Error making pdf searchable when using aspose with tesseract

mike1986 · June 20, 2018, 2:51pm

According example provided in apose doc, i’m making searchable pdf with aspose and tesseract but when i’m using my app on some computer i have probleme to render accented characters.

the charset on pc having trouble to render accented is windows-1252
and on running computer is utf-8.

imran.rafique · June 20, 2018, 7:21pm

@mike1986,

Please send all details of the scenario, including source PDF, code and call stack of the error. We will investigate your scenario in our environment, and share our findings with you.

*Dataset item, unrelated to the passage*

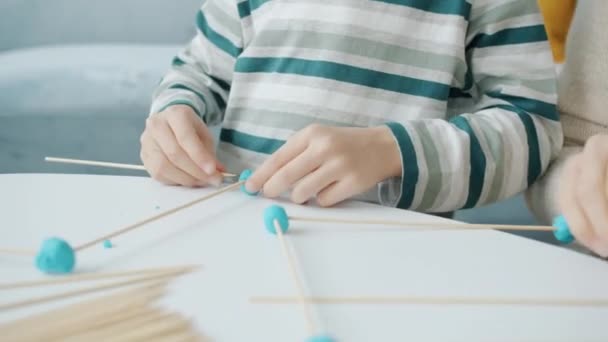 Detailní záběr rukou dospělý a dítě dělá řemeslo s dřevěnými tyčinkami a hrát těsto doma — Stock video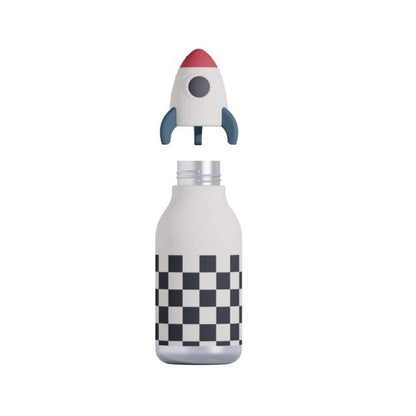 A white insulated bottle with a black and white checkerboard pattern near the bottom, topped with a detachable rocket-shaped lid featuring a red nose cone, gray fins, and a gray circular window.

mike1986 · June 21, 2018, 7:12am

            final Path temp= Files.createTempDirectory("testAspose"+Long.toString(System.nanoTime()));
            Document.CallBackGetHocr cbgh = new Document.CallBackGetHocr() {
                @Override
                public String invoke(java.awt.image.BufferedImage img){
                    File outputfile = new File(temp +"/" + "test.jpg");
                    try {
                        ImageIO.write(img, "jpg", outputfile);
                    } catch (IOException e1) {
                        e1.printStackTrace();
                    }
                    try {
                        java.lang.Process process = Runtime.getRuntime().exec("tesseract" + " " + temp +"/" + "test.jpg" + " " + temp +"/out.html" + " hocr -l fra+eng");
                        //System.out.println("tesseract" + " " + temp +"/" + "test.jpg" + " " + temp +"/" + " hocr");
                        process.waitFor();

                    } catch (IOException e) {
                        e.printStackTrace();
                    } catch (InterruptedException e) {
                        e.printStackTrace();
                    }
                    File file = new File(temp +"/" + "out.html.hocr");
                    StringBuilder fileContents = new StringBuilder((int) file.length());
                    Scanner scanner = null;
                    try {
                        scanner = new Scanner(file);
                        String lineSeparator = System.getProperty("line.separator");

                        while (scanner.hasNextLine()) {
                            fileContents.append(scanner.nextLine() + lineSeparator);
                        }
                    } catch (FileNotFoundException e) {
                        e.printStackTrace();
                    } finally {
                        if (scanner != null)
                            scanner.close();
                    }
                    return fileContents.toString();
                }
            };
            try {
                doc.convert(cbgh);
                doc.save(file.getPath());
            }
            catch (Exception e)
            {
                System.out.println("error");
                e.printStackTrace();
            }

So i h’ave no error return but when searching on pdf resulting of this code, accented characters are replaced by cabalistic signs. but other characters are ok. i will send you pdf in private message

imran.rafique · June 21, 2018, 4:05pm

@mike1986,

We have tested your scenario with the latest version 18.5 of Aspose.PDF for Java API, and the output PDF looks fine. This is the output PDF: Output.pdf (140.8 KB). Please review and let us know how that goes into your environment.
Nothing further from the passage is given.